(Stored dataset items)
= = = = = = =

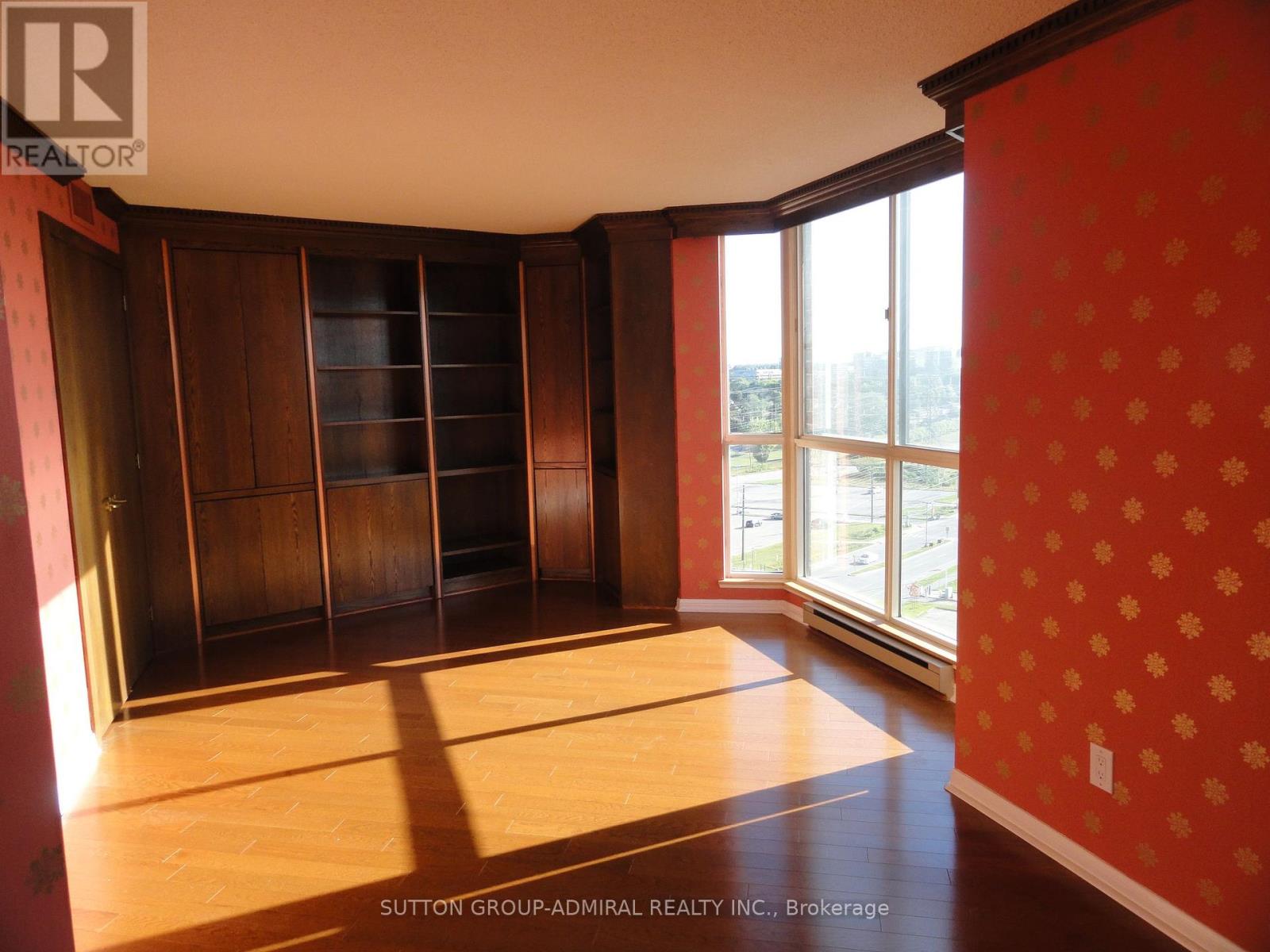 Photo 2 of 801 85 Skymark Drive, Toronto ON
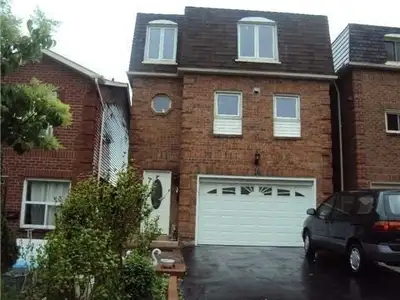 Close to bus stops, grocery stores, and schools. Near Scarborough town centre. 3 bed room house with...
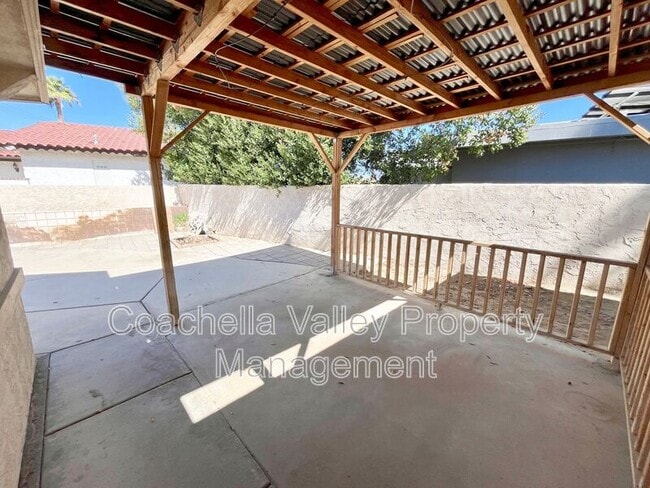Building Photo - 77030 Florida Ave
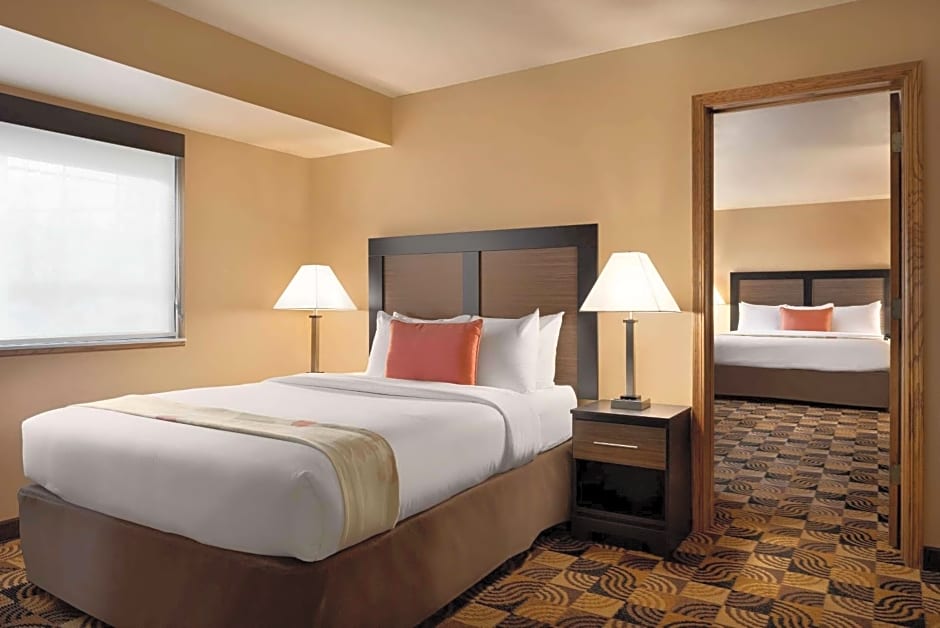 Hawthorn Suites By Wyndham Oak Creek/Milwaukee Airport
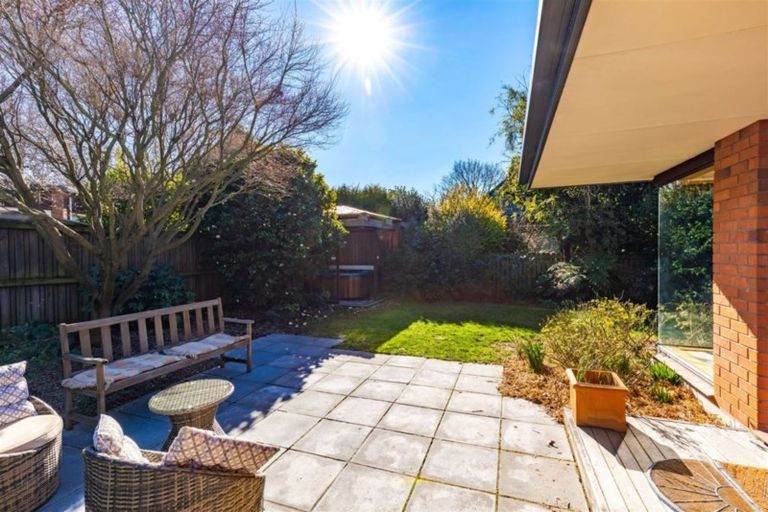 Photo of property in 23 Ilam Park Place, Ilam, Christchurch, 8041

= = = = = = =

Task to complete
Each line above should be set down exactly as written, with pictures excluded.

Exercise answer
 Photo 2 of 801 85 Skymark Drive, Toronto ON
 Close to bus stops, grocery stores, and schools. Near Scarborough town centre. 3 bed room house with...
Building Photo - 77030 Florida Ave
 Hawthorn Suites By Wyndham Oak Creek/Milwaukee Airport
 Photo of property in 23 Ilam Park Place, Ilam, Christchurch, 8041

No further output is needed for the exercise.